Sergeant Paul McManus was at the back of a house that had been secured for a drug search when Charles Moore (48) fired a shot that struck the officer in his left forearm.
The garda read his victim impact statement during Moore’s sentence hearing before Dublin Circuit Criminal Court today.
Sgt McManus spoke of how he feels lucky to be alive while some of his other colleagues have died on duty.
“There is not a day goes by when I don’t think of the families of those colleagues,” Sgt McManus continued before he added he didn’t know whether it was “luck” or “divine intervention” that caused Moore’s gun to jam that morning.
He said he “felt physically rocked to my very core” after hearing about the death of Garda Colm Horkan in Roscommon in June 2020 and said the news of his shooting “sent me to a very dark place”.
Sgt McManus said he continually feels “huge relief” and “huge guilt”.
Speaking of how the shooting affected his young children, he said “in the weeks after, they were uneasy in their own home because they thought the bad man would come to their own house.”
He added that one of his children kept a toy gun by their bed.

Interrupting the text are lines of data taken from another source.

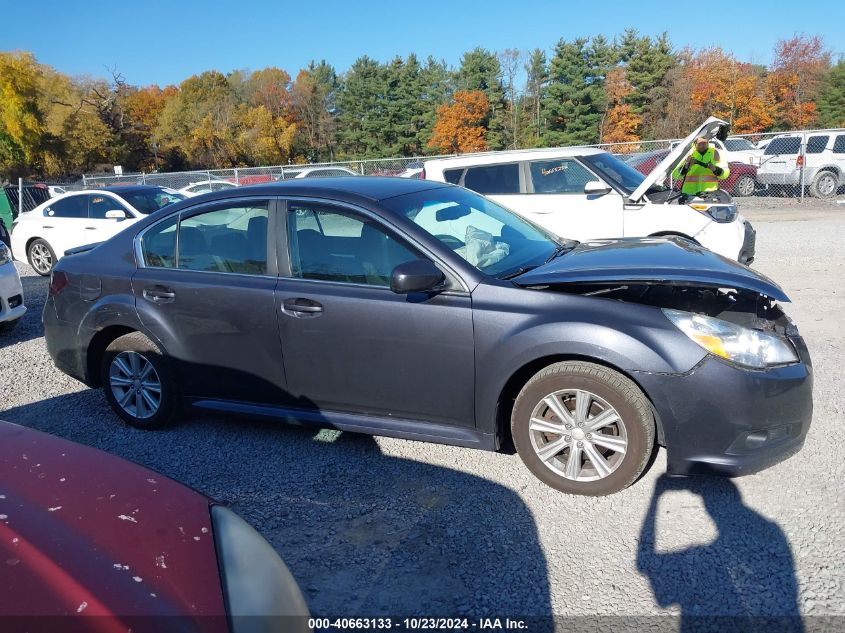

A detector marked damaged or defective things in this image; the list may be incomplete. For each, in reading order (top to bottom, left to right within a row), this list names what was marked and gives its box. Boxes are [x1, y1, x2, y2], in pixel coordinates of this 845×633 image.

broken headlight [688, 204, 736, 223]
crumpled hood [512, 236, 788, 302]
broken headlight [660, 308, 796, 368]
damaged front bumper [632, 336, 812, 474]
crumpled hood [0, 420, 227, 628]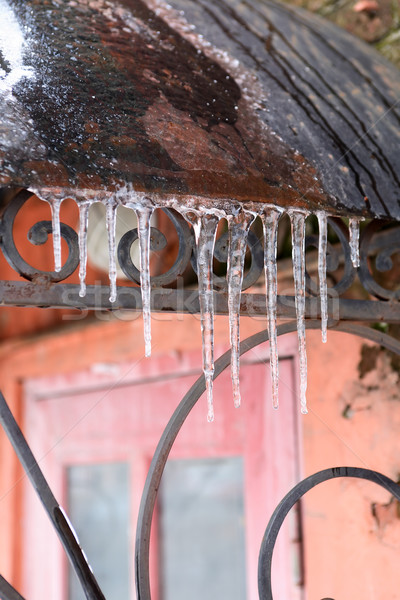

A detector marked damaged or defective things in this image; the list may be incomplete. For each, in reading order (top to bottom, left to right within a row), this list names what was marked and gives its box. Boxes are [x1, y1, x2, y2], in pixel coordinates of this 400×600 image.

rusty metal roof [0, 0, 400, 219]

He said he was sorry for bringing this into the lives of his children and his wife, saying, “she had no choice that I brought this to her door. I can only apologise”.
Moore of Barnwell Drive, Ballymun, had pleaded not guilty to possession of a semi-automatic pistol without a lawful purpose, possession of five rounds of ammunition without a lawful purpose, possession of a semi-automatic pistol with the intent to endanger life, possession of five rounds of ammunition with the intention to endanger life, the reckless discharge of a firearm and assault of a garda at his home on December 7, 2017.

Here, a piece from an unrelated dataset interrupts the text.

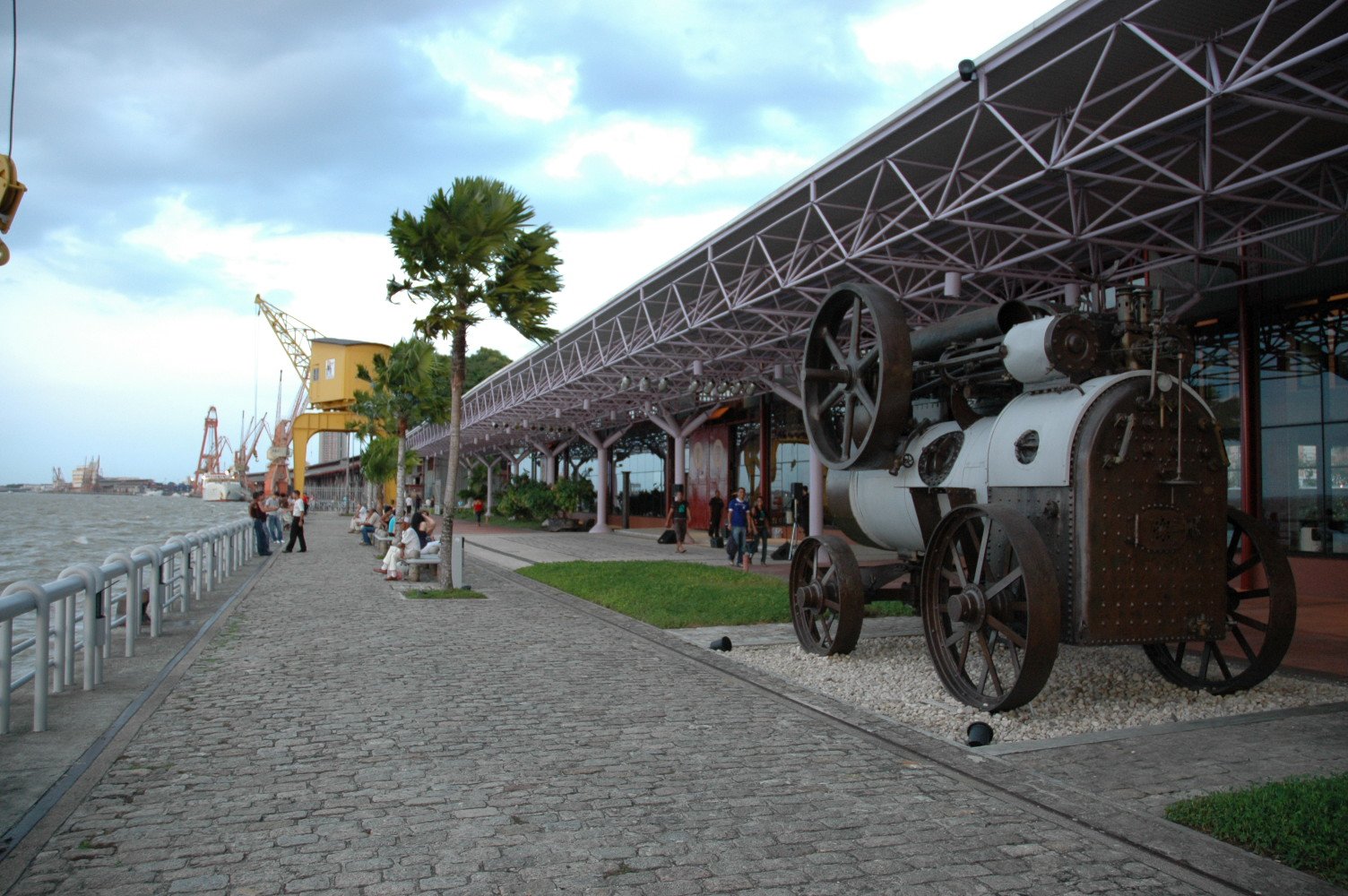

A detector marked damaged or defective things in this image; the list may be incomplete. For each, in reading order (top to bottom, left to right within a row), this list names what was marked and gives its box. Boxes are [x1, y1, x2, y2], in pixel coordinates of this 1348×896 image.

rusty metal wheel [798, 284, 916, 469]
rusty metal wheel [787, 533, 862, 654]
rusty metal wheel [921, 506, 1057, 711]
rusty metal wheel [1143, 509, 1299, 689]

He was convicted on all counts following a three-week trial last June.
He has 18 previous convictions including one for possession of drugs for sale or supply and assault causing harm.
Judge Martin Nolan said it was “common case” that Moore’s home had been attacked “by criminal elements” prior to December and Moore had procured the gun to defend himself.
“Unfortunately, he seemed to have spent the night drinking and taking drugs so by the time gardaí arrived he was in no condition to make a proper assessment of the situation”.
“In his drunken state he heard someone or became aware of some activity in the back garden.
The gardaí were obvious, wearing the appropriate apparel,” Judge Nolan continued.
He said that if Moore had been in a position to properly assess the situation, he would have realised it was armed gardaí at his home.
“He had a gun available to him and he fired the gun and hit Gda McManus,” the judge said.
The judge said he accepted that Moore didn’t intend to shoot and injure a garda “but by reason of his intoxicated state he was in no position to make any such assessment.”
Judge Nolan sentenced Moore to nine years in prison for the offence of endangerment and took the other charges into account.